If a decision is made to open up the reserves, Obama said relief would come within several days.
"We have it teed up," he said.
Obama said his administration is looking at potential new oil development in Alaska and that he has ordered the Interior Department to look into unused leases the oil industry has on land an offshore. The president also said he working with U.S. allies "to keep all options on the table when it comes to any supply disruptions."
He used the moment Friday to renew his call for Congress to pass stalled comprehensive energy legislation to insulate the U.S. from dependence on oil and overseas supply disruptions.
"I don't want to leave this for the next president," Obama said.
Turning to Friday's disastrous earthquake in Japan, Obama said his administration will offer Japan "whatever assistance is needed" as the nation grapples with devastation. He also promised federal aid to the westernmost regions of the United States that have been impacted by the resulting tsunamis moving across the Pacific Ocean.
"I'm heartbroken by this tragedy," Obama said, referencing his connection with Japanese culture because of his upbringing in Hawaii.
Several hundred people are dead in Japan after the 8.9-magnitude earthquake, one of the five largest in history, and a resulting tsunami.

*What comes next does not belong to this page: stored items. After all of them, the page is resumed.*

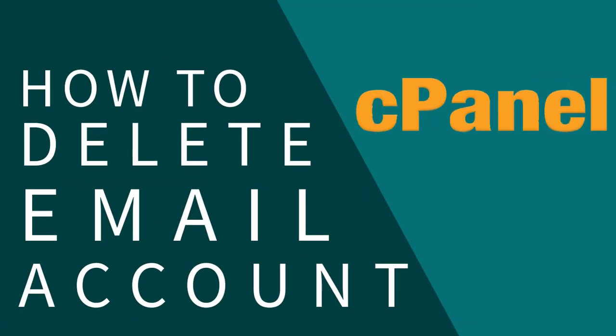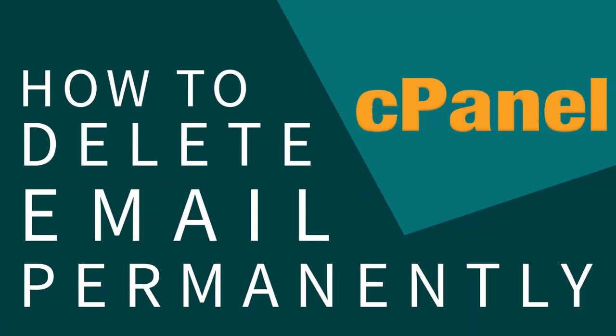In this video, I will show you how to delete email account permanently in cPanel. So let's get started with the process.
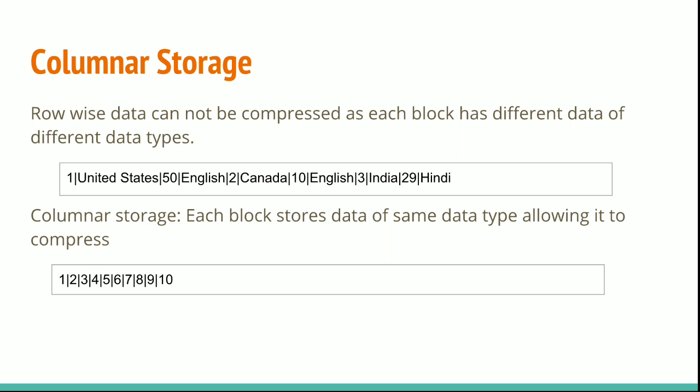The savings in space for storing data on disk also carries over to retrieving and storing the data in memory. Since many database operations only need to access one or a small number of columns at a time, you can save memory space by only retrieving blocks for columns you actually need for a query.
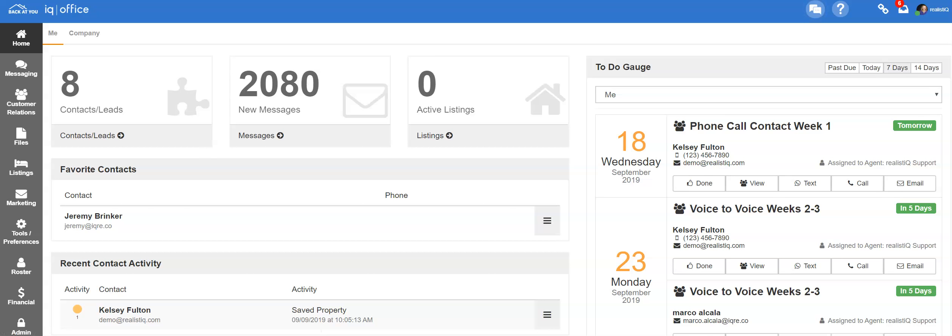Hello and welcome to training on how to edit a team within IQOffice. This is a function for office admin, and if you are not an office staff member or administrator, you will not have access to this section of IQOffice.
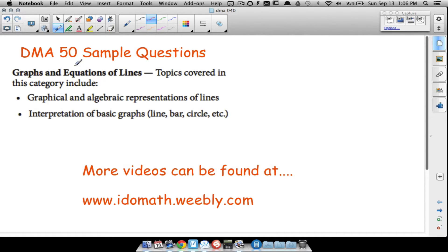In this video we're going to look at five sample questions that you may see on the DMA 50 portion of the placement test. DMA 50 covers graphs and equations of lines, so we'll do some graphical and algebraic representations of lines as well as some basic graphs such as line graphs, bar graphs, circle graphs, etc.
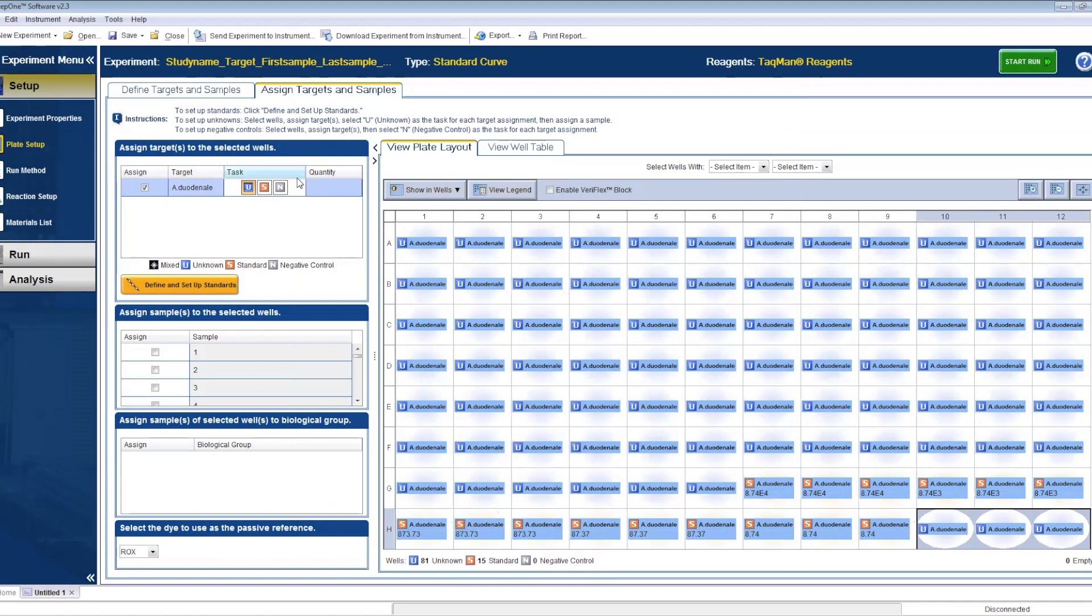Highlight the last three wells and mark them as NTC from the taskbar. Now you have to assign the sample names for every two replicates or wells.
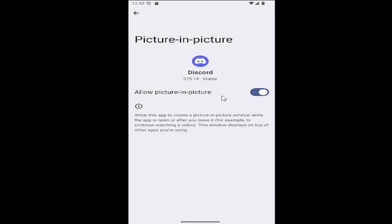If you want to enable picture-in-picture mode, toggle that to the right. That'll allow apps to create a picture-in-picture window while the app is open or after you leave it. So there you go guys, it's been turned on and that's what you have to do.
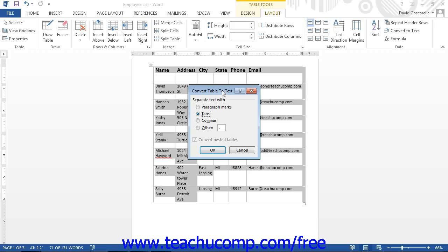Often the comma is used, but the tab character is another popular choice. Note that you can choose almost any character, but are probably better off sticking to standard conventions. Once you have selected your desired delimiter, click the OK button to convert the table.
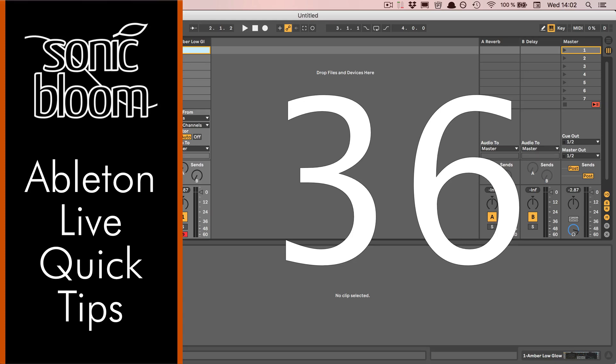Hi, this is Madeline from Sonic Bloom with a new episode of the Ableton Live Quick Tips. And this time I have a little workflow tip for you.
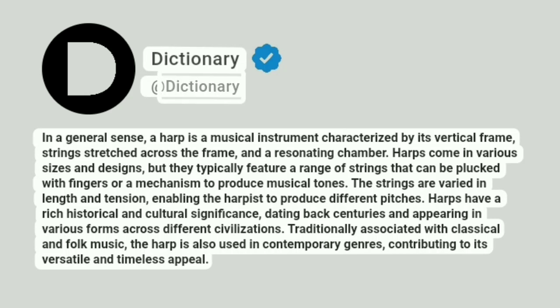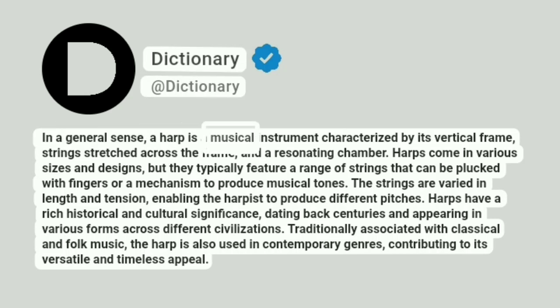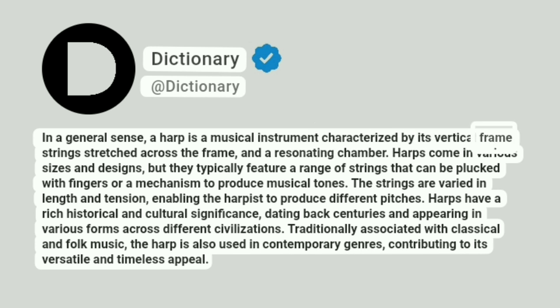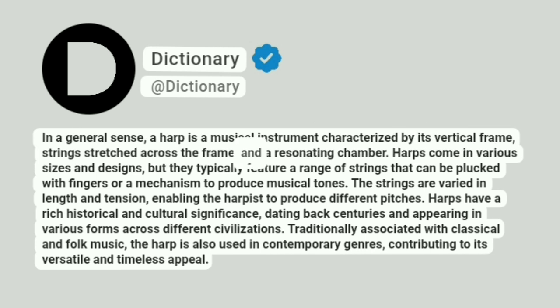Dictionary. A Dictionary. In a general sense, a harp is a musical instrument characterized by its vertical frame, strings stretched across the frame, and a resonating chamber.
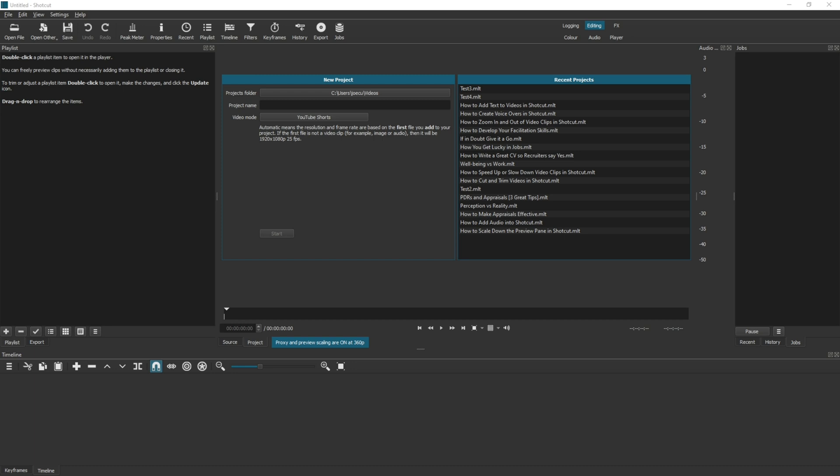You will also notice when using a proxy the quality of your preview pane won't be anywhere near as good, especially if you use preview scaling, which I would recommend using in conjunction to keep the efficiency and the speed of Shotcut as fast as it can be. So you have to work with a slightly lesser quality image when you're actually doing the edits.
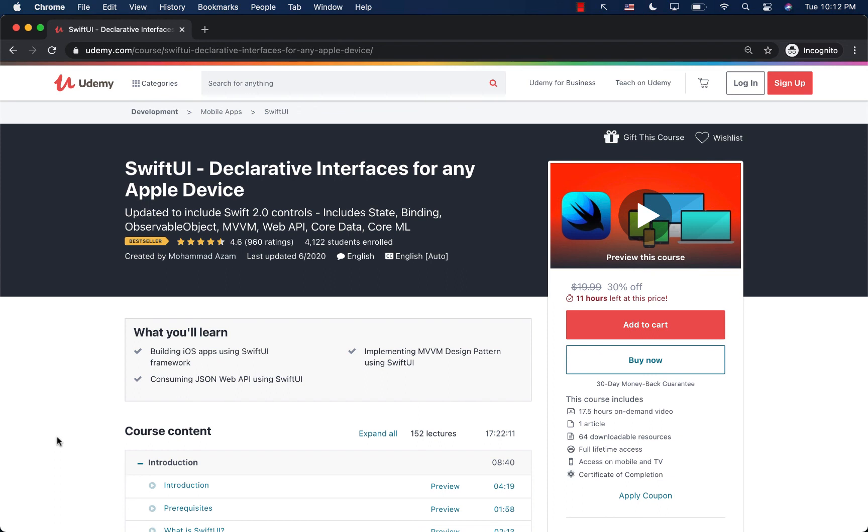And I would really appreciate if you want to show the support, then check out my other courses. I just released another course on Vapor 4, which allows you to write Swift applications or APIs using Swift on the server and on the cloud, which is an amazing course. So definitely check that out. I really hope that you have enjoyed this video. Thank you so much for your continuous support.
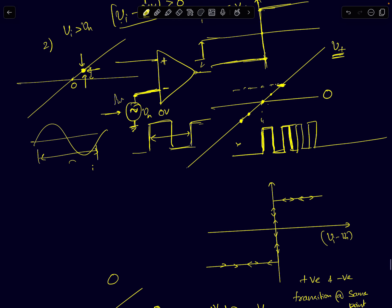Schmidt triggers are mainly used as sine wave to square wave converters. Digital circuits need square waves, so you will find Schmidt triggers in many digital systems where you have to convert sinusoidal signals to square signals.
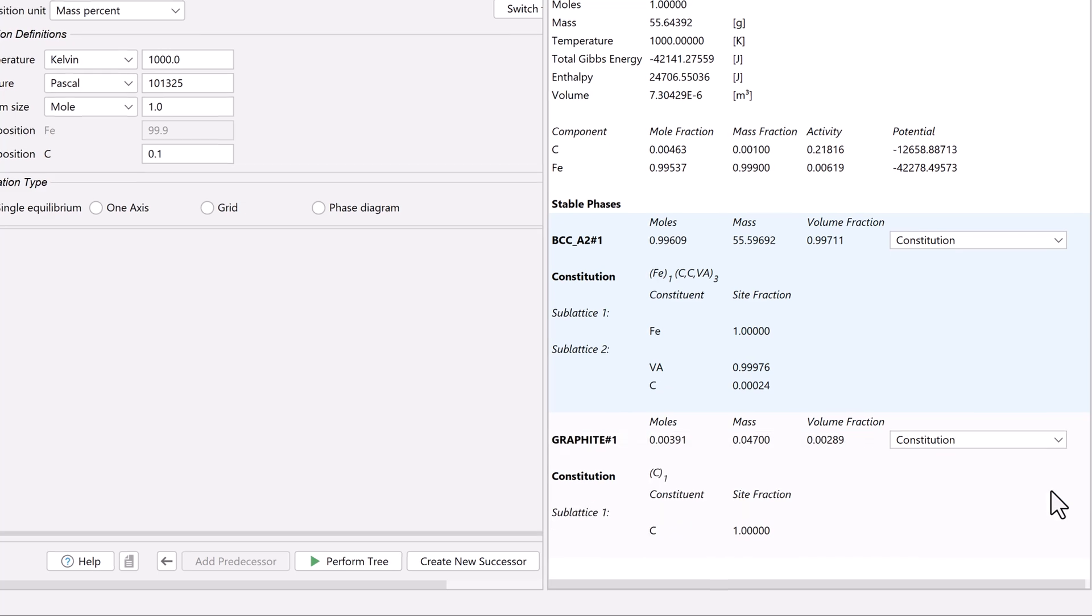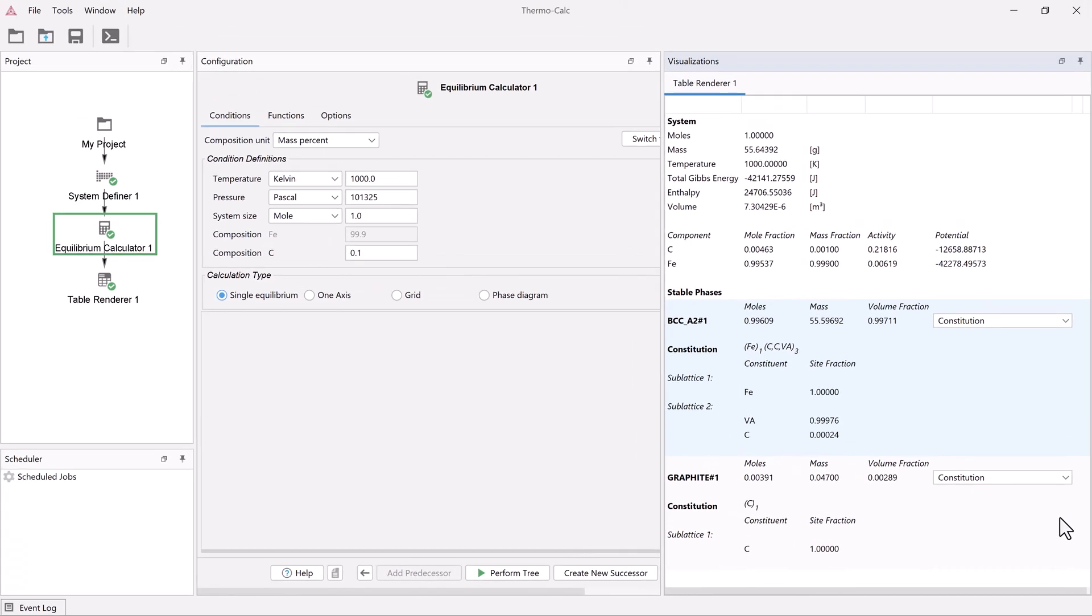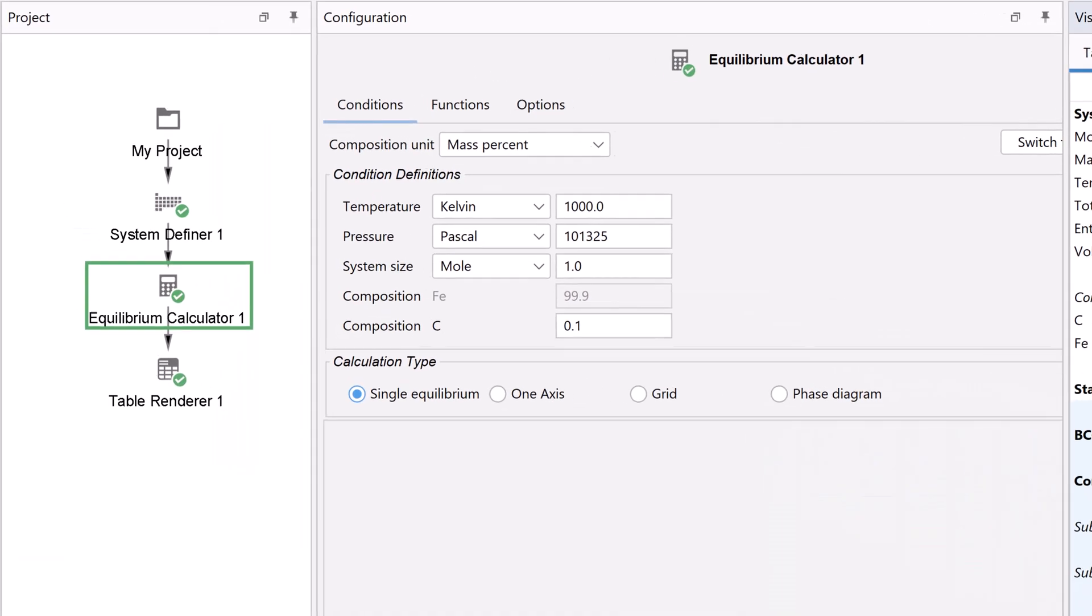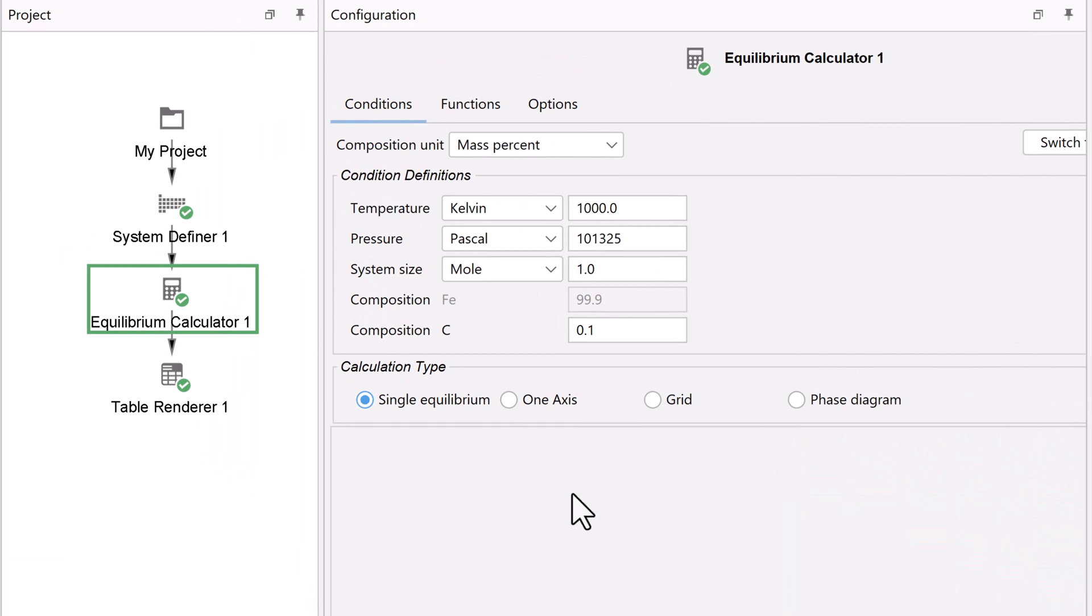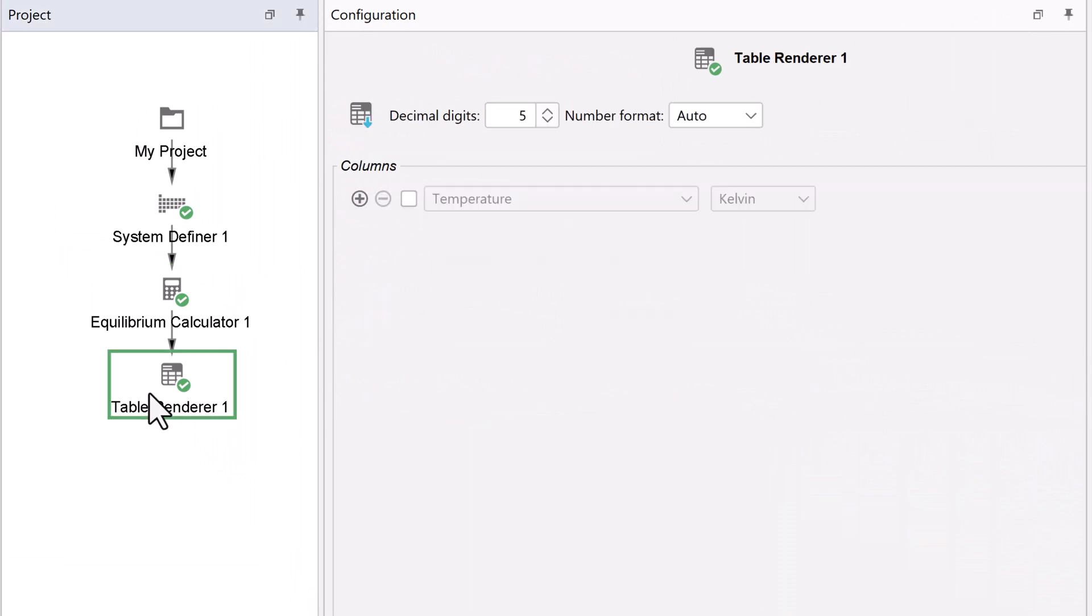You may have noticed that we never configured the table renderer node. This is because a single point equilibrium calculation automatically provides you with a lot of information about your calculation. But you can view even more. Click on the table renderer node.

International affairs dominated Obama's press conference even as he remains locked in a high-stakes battle with Republicans over the budget, with both sides hoping to avoid a government shutdown next week.
Obama said Congress and the White House may have missed the opportunity to reach a solution before the short-term resolution runs out next Friday. He said Congress may need to reach another temporary resolution before reaching a permanent solution to continue funding the government for the rest of the fiscal year.
Democrats and Republicans, he said, need to come together and reach a compromise.
"It shouldn't be that complicated," Obama said.
Obama faced questions about his approach to the situation in Libya, where he has called for Libyan leader Moammar Gadhafi to step down. He said Washington has designated an emissary to talk with the opposition in Libya in addition to Secretary of State Hillary Clinton's planned discussion with the group, and he rejected criticism that his administration has reacted too slowly to the situation.
"We are slowly tightening the noose on Mr. Gadhafi," Obama said. "I have not taken any options off the table at this point."
On Japan, the White House has been on full-alert since the president was informed of the earthquake at 4 a.m. Friday. Obama, who has twice visited Japan since taking office, called Japanese Prime Minister Naoto Kan after receiving a briefing from senior advisers and members of his national security team, as well as Homeland Security Secretary Janet Napolitano and Emergency Management Agency Administrator Craig Fugate.
Obama has ordered FEMA to prepare to assist Hawaii, the president's home state, and other Pacific regions of the United States that are currently threatened by tsunamis as a result of the quake.
The Pentagon dispatched a handful of U.S. Navy war ships are en route to Japan. Obama said the Pentagon is working to account for all U.S. troops in Japan. He also said the State Department is working to account for and assist any and all American citizens who are in Japan.
"We are monitoring the situation very closely," Obama said.